Scraped caption text data:

+===+

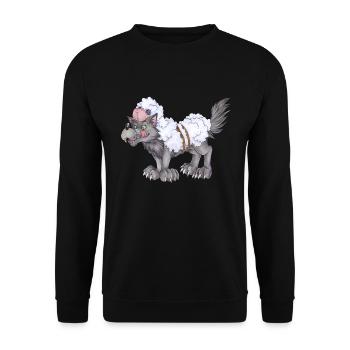 Lustiger Wolf im Schafspelz Geschenk Humor - Unisex Pullover - Schwarz - Vorne - Alina (178cm) & Michal (187cm)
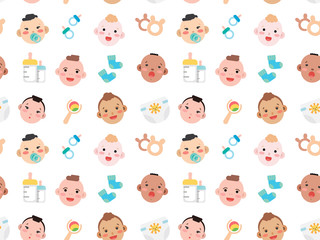 Cute vector seamless pattern illustrations with funny newborn babies faces made as simple modern flat design texture. Colorful background with emoticons and accessories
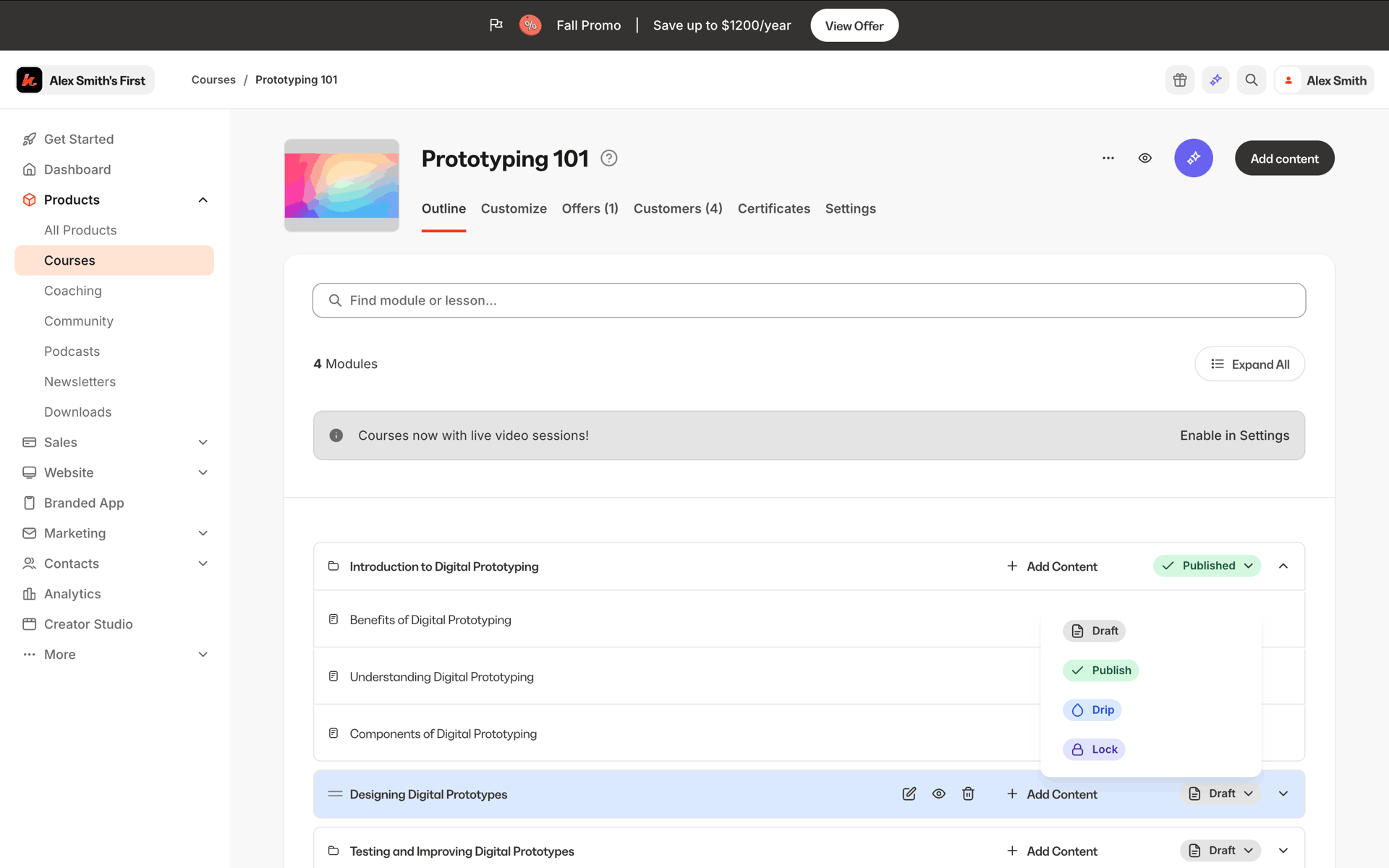 Kajabi Web Business interface screenshot 9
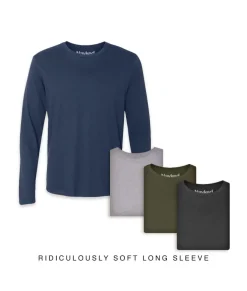 Men Nayked Apparel T-Shirt Packs>Men'S 4Pk Ridiculously Soft Long Sleeve 100% Cotton T-Shirt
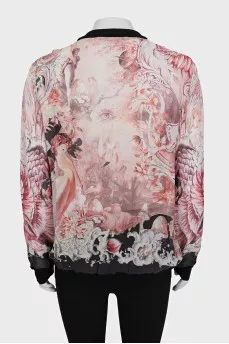 Translucent sweatshirt with print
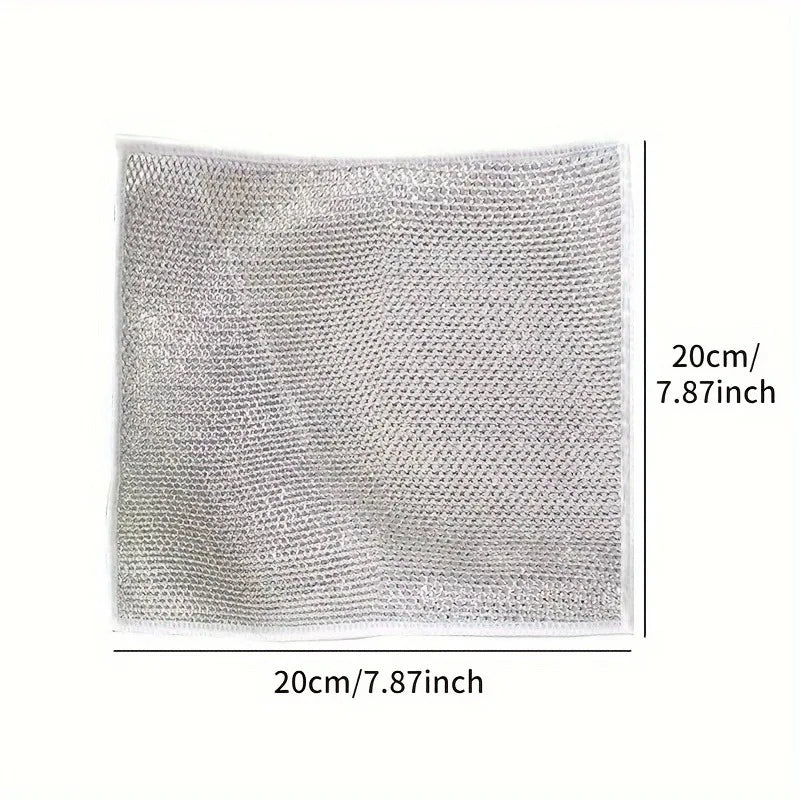 Wholesale Metal Steel Wire Rags Cloth Home Kitchen Pot Pan Dishwashing Double-sided Dishcloth Cleaning Cloths Towel Scrubber Rag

+===+

▸ **YOUR INSTRUCTIONS**
Retype every entry exactly as written. Leave the pictures out.

▸ **EXERCISE ANSWER**
 Lustiger Wolf im Schafspelz Geschenk Humor - Unisex Pullover - Schwarz - Vorne - Alina (178cm) & Michal (187cm)
 Cute vector seamless pattern illustrations with funny newborn babies faces made as simple modern flat design texture. Colorful background with emoticons and accessories
 Kajabi Web Business interface screenshot 9
 Men Nayked Apparel T-Shirt Packs>Men'S 4Pk Ridiculously Soft Long Sleeve 100% Cotton T-Shirt
 Translucent sweatshirt with print
 Wholesale Metal Steel Wire Rags Cloth Home Kitchen Pot Pan Dishwashing Double-sided Dishcloth Cleaning Cloths Towel Scrubber Rag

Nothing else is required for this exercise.